Standpunt van verweerder
2.1
Volgens verweerder past het gebruik van het bijgebouw als B&B niet binnen het geldende bestemmingsplan. Artikel 19.1 van het bestemmingsplan bepaalt wat onder de bestemming ‘Wonen’ valt en een B&B staat daar niet bij. Op grond van artikel 2.1, eerste lid, onder c, van de Wet algemene bepalingen omgevingsrecht (hierna: Wabo) is daarom een omgevingsvergunning nodig voor het toestaan van het gebruik in strijd met het bestemmingsplan.
2.2
Verweerder stelt zich op het standpunt dat de vergunning verleend kan worden via de afwijkingsbevoegdheid uit het bestemmingsplan. Op grond van artikel 32.2 van het bestemmingsplan mag op percelen waar een woning is toegestaan voor een B&B worden afgeweken van de regels uit het bestemmingsplan als aan bepaalde voorwaarden is voldaan. Op het perceel van [naam 1] is een woning toegestaan. [naam 1] wil een B&B exploiteren op het perceel en aan de voorwaarden is volgens verweerder voldaan. De vergunning is daarom via de binnenplanse afwijkingsmogelijkheid als bedoeld in artikel 2.12, eerste lid, onder a, sub 1, van de Wabo verleend.
2.3
Er is volgens verweerder geen onevenredige inbreuk op de woonsituatie van de omwonenden of op de parkeergelegenheid.
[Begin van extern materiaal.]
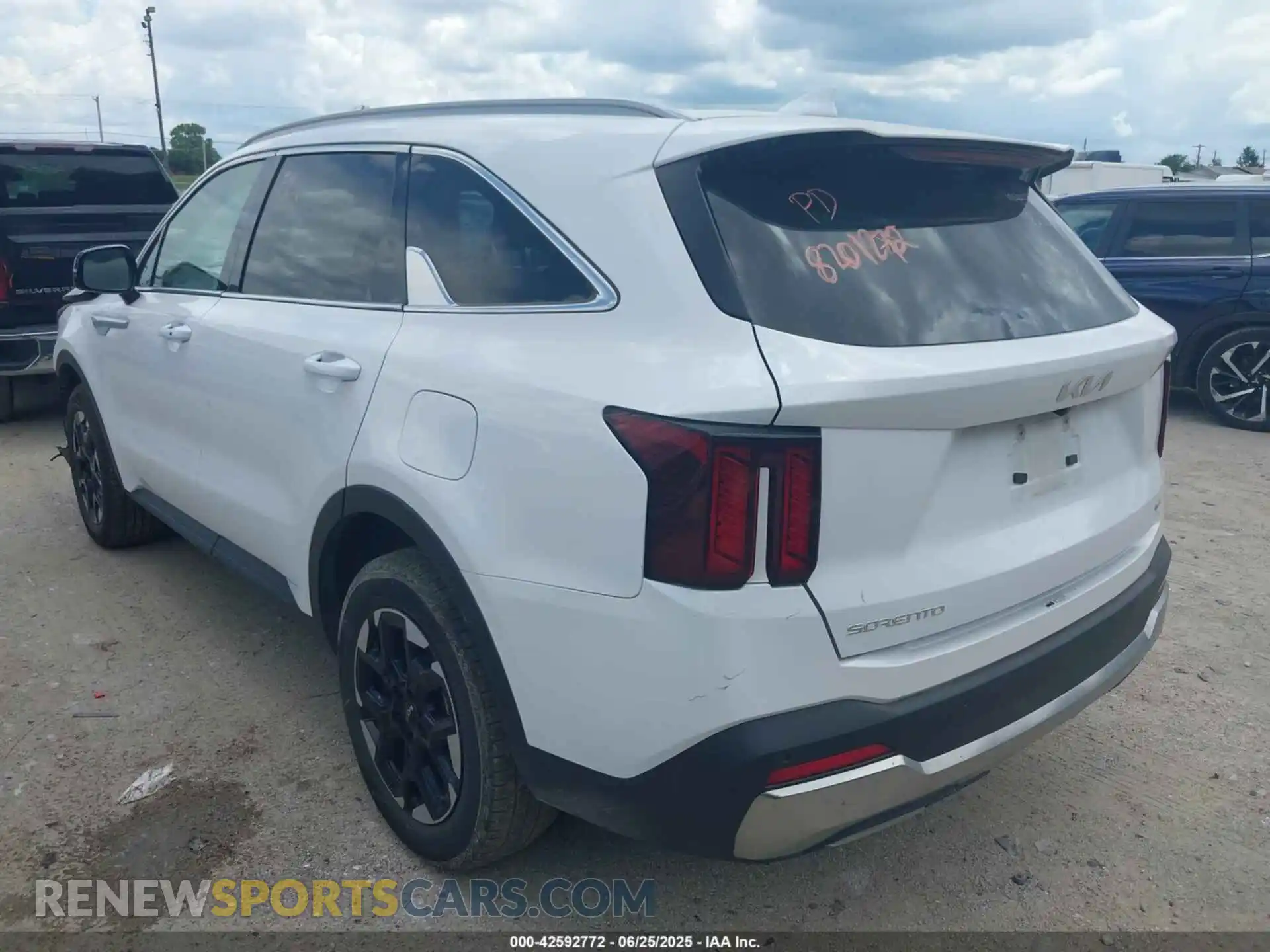 3 fotografías del automóvil dañado 5XYRLDJC7RG256478 KIA SORENTO 2024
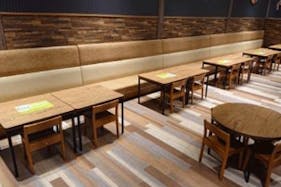 【イオンモール徳島】モール内広告 フードコートテーブルシール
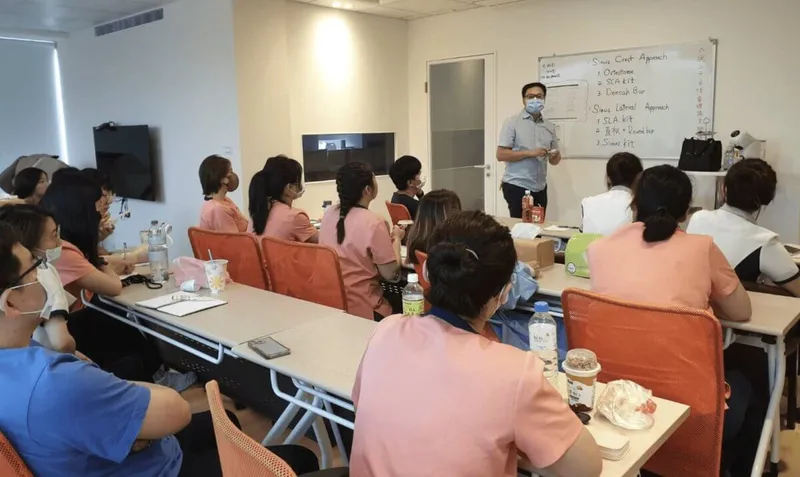 Leader Way Education & Training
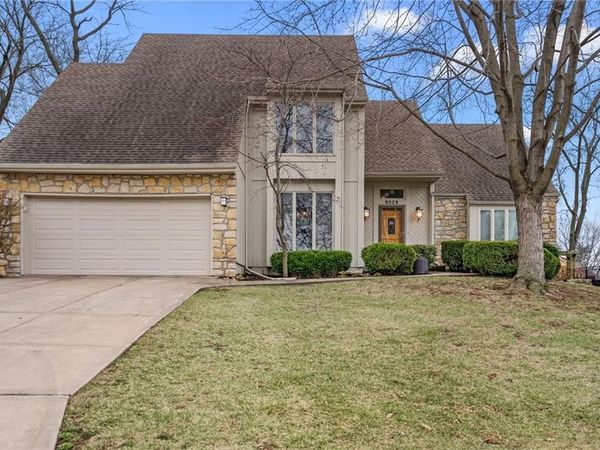 9529 W 116th Terrace, Overland Park, KS 66210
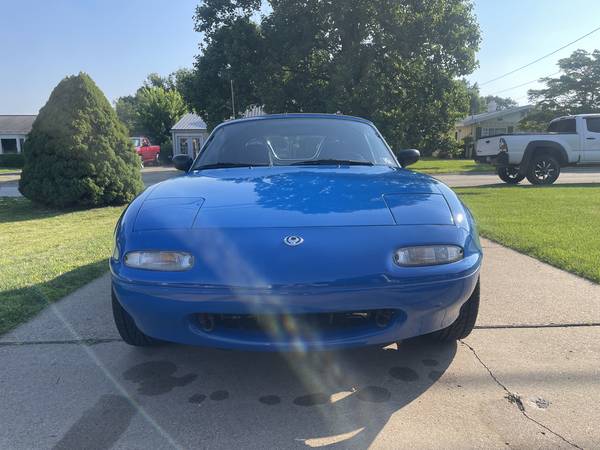 1990 Mazda Miata MX5 - $8,500 (Elizabeth)63625214660993121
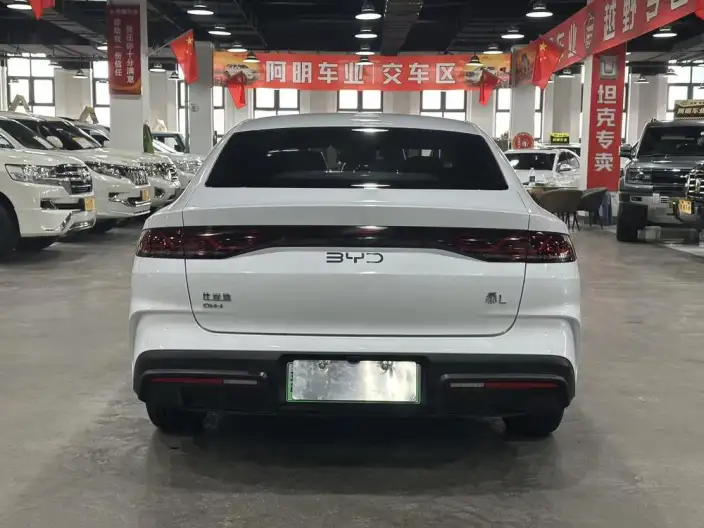 QinL DM 2024 Model DM-i 80KM Leading Model – фото 5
Overlastmeldingen zijn niet binnengekomen en [naam 1] exploiteert de B&B niet het hele jaar door. Ook geldt er een huishoudelijk reglement in de B&B. Verder zijn de percelen zodanig ruim opgezet dat geluidsoverlast niet te verwachten is. Enige inbreuk op de privacy en geluid van de omgeving moeten de omwonenden volgens verweerder ook accepteren, omdat zij in een stedelijke omgeving wonen. [naam 1] heeft verder verklaard dat er voldoende auto’s op zijn perceel kunnen parkeren. Er zijn vier parkeerplaatsen gerealiseerd aan de voorzijde van de hoofdwoning en op de oprit kunnen nog meerdere auto’s staan.
2.4
Verder stelt verweerder zich op het standpunt dat het bijgebouw dat door [naam 1] gerealiseerd is voor de B&B vergunningvrij is. Op grond van artikel 2, derde lid, van bijlage II van het Besluit omgevingsrecht (Bor) is een bouwwerk vergunningvrij als dat (onder andere):
  • (voor zover het op meer dan vier meter afstand van het hoofdgebouw staat) functioneel ondergeschikt is aan het hoofdgebouw; en
  • de totale oppervlakte van alle bijgebouwen binnen bepaalde grenzen blijft.
Volgens verweerder is aan die eisen voldaan. Het bijgebouw staat op 26 meter afstand van de hoofdwoning en de totale oppervlakte van de bijgebouwen blijft binnen de eisen. Het gebruik als B&B is ondergeschikt aan de hoofdwoning, omdat een B&B alleen kan als er ook een woning op het perceel staat. De B&B is voor het ontbijt afhankelijk van de hoofdbewoner. Daarom is volgens verweerder voor de bouw van het bijgebouw geen omgevingsvergunning nodig.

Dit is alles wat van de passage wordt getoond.